When you were a child, what did you dream of becoming when you grew up?
A movie star? An astronaut? A fireman? A nurse? A ballerina? An artist? A chef?
I wanted to be a singer, a spy or both (I was quite taken by the idea of travelling around the world performing as a rockstar while moonlighting as a secret agent, Mata Hari style). As it turned out, I got to do both, sort of.
While I cannot claim to be famous, I was selected to represent my country at the international Performing Arts Championships in Los Angeles, cast in a professional musical production, had a (bad, even I admit) music video that played on network TV for a while, and I did get paid to both perform and teach music. All of this should, technically, count as an – albeit short-lived – singing career.
Also, while I am not exactly a real spy, I am, as a professional trend analyst, paid to watch, observe and write reports on people, often without their knowledge. This sounds a lot like spying to me.
While your own childhood dreams may or may not have been as unrealistically grandiose as my own, I am still willing to bet “accountant”, “McDonalds burger chef” and “call centre agent” were not top of your list.
I bet you wanted to do something more fulfilling with your life than a mundane, repetitive, process-driven function.
I also bet that if you are stuck in a soul-destroying robotic role, no matter how well it pays (hi again, accountants), there is a part of you that wishes you could do something more meaningful with the most productive hours and years of your life, that still wants to do what the five-year-old version of yourself wanted to do all those years ago.

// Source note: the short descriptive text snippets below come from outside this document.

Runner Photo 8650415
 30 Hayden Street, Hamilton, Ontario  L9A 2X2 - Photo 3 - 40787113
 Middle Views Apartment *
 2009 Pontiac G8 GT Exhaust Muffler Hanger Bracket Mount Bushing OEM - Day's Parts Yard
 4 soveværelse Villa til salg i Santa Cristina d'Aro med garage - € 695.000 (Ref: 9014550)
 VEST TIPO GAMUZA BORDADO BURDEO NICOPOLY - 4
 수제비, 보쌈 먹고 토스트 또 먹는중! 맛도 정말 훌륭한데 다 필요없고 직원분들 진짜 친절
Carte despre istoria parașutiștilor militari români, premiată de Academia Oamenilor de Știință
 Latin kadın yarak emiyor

The good news is, you may soon be forced to do exactly that.
The robots are coming for your bullsh*t job.
Routine, process-driven jobs are the most at risk of automation. If your job involves processes and repetition – whether you work in a white-collar corner office or a blue collar factory – you are at high risk of being made redundant by a robot or algorithm.
The bad news is, the robots are coming.
Experts expect anywhere between 20% and 50% of jobs worldwide are at some risk of replacement by technology. Of course, technology will also continue to create many new as yet unimaginable jobs (hi social media managers), but the fact remains, many, many people will have to switch careers (often more than once) in order to survive.
The good news is the jobs and job functions most at risk are the jobs hardly anyone actually enjoys doing anyway (this is also probably why someone took the time to automate them – they were tired of doing the job themselves).
The really good news is that the dream job really wanted to do when you were a child is probably still up for grabs.
The world still wants muses, musicians and movie stars.